Given records:
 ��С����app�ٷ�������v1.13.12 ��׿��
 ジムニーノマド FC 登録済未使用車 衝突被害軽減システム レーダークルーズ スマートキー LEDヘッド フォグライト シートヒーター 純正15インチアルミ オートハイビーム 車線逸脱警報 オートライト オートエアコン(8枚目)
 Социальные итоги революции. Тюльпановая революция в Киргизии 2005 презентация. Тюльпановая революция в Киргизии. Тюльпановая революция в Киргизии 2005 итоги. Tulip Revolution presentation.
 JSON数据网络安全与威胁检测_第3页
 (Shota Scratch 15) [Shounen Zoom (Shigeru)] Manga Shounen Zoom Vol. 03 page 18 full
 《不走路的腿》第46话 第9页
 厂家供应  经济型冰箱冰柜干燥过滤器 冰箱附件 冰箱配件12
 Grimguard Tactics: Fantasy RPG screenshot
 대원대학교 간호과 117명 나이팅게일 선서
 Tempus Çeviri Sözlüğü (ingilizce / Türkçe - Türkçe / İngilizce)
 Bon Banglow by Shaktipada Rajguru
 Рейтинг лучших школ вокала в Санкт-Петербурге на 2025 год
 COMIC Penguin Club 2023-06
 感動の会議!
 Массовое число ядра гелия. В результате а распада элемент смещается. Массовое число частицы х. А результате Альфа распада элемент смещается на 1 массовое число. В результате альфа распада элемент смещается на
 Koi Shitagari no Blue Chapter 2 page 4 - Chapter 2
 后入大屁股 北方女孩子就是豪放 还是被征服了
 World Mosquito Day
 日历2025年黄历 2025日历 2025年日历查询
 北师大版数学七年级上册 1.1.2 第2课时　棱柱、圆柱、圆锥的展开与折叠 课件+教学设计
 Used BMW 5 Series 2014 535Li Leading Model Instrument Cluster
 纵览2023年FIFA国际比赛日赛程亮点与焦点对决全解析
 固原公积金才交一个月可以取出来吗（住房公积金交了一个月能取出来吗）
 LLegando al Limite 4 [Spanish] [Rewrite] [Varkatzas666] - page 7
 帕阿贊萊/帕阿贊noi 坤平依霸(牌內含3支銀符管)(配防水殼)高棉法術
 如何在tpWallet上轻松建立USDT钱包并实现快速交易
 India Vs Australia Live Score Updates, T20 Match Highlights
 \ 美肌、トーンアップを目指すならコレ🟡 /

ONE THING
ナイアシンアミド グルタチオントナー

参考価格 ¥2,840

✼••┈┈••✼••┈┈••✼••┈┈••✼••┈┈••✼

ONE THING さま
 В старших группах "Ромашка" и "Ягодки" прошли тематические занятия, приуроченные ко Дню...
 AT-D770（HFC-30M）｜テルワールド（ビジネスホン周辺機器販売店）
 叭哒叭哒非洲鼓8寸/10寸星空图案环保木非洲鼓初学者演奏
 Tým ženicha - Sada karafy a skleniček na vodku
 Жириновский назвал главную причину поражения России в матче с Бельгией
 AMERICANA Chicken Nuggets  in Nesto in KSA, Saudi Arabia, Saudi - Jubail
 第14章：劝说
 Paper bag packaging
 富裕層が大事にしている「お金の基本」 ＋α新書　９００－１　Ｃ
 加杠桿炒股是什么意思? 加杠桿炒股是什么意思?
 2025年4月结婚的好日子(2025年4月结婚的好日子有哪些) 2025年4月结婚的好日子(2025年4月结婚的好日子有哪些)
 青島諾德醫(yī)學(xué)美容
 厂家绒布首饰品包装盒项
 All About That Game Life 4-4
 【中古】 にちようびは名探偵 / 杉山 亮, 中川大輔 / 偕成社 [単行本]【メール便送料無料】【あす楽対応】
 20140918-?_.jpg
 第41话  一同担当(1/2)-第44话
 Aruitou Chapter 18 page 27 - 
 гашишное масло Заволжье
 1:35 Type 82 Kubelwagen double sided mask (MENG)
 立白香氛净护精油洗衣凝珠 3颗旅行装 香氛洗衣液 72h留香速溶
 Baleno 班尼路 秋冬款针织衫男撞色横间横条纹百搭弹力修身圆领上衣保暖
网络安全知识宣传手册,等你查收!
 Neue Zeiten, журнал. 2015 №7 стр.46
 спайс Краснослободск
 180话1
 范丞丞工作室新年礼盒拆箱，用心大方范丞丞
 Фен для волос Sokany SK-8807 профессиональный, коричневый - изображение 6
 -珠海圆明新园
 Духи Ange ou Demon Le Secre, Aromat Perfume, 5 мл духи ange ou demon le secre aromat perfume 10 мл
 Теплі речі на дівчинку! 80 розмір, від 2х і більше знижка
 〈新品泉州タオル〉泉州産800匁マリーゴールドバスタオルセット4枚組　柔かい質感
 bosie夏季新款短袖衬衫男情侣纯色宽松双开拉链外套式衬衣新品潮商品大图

About this exercise:
Going down the listing above, begin printing at the line with "LLegando al Limite" and finish with the line with "Жириновский назвал главную", exactly as they appear.

Response:
 LLegando al Limite 4 [Spanish] [Rewrite] [Varkatzas666] - page 7
 帕阿贊萊/帕阿贊noi 坤平依霸(牌內含3支銀符管)(配防水殼)高棉法術
 如何在tpWallet上轻松建立USDT钱包并实现快速交易
 India Vs Australia Live Score Updates, T20 Match Highlights
 \ 美肌、トーンアップを目指すならコレ🟡 /

ONE THING
ナイアシンアミド グルタチオントナー

参考価格 ¥2,840

✼••┈┈••✼••┈┈••✼••┈┈••✼••┈┈••✼

ONE THING さま
 В старших группах "Ромашка" и "Ягодки" прошли тематические занятия, приуроченные ко Дню...
 AT-D770（HFC-30M）｜テルワールド（ビジネスホン周辺機器販売店）
 叭哒叭哒非洲鼓8寸/10寸星空图案环保木非洲鼓初学者演奏
 Tým ženicha - Sada karafy a skleniček na vodku
 Жириновский назвал главную причину поражения России в матче с Бельгией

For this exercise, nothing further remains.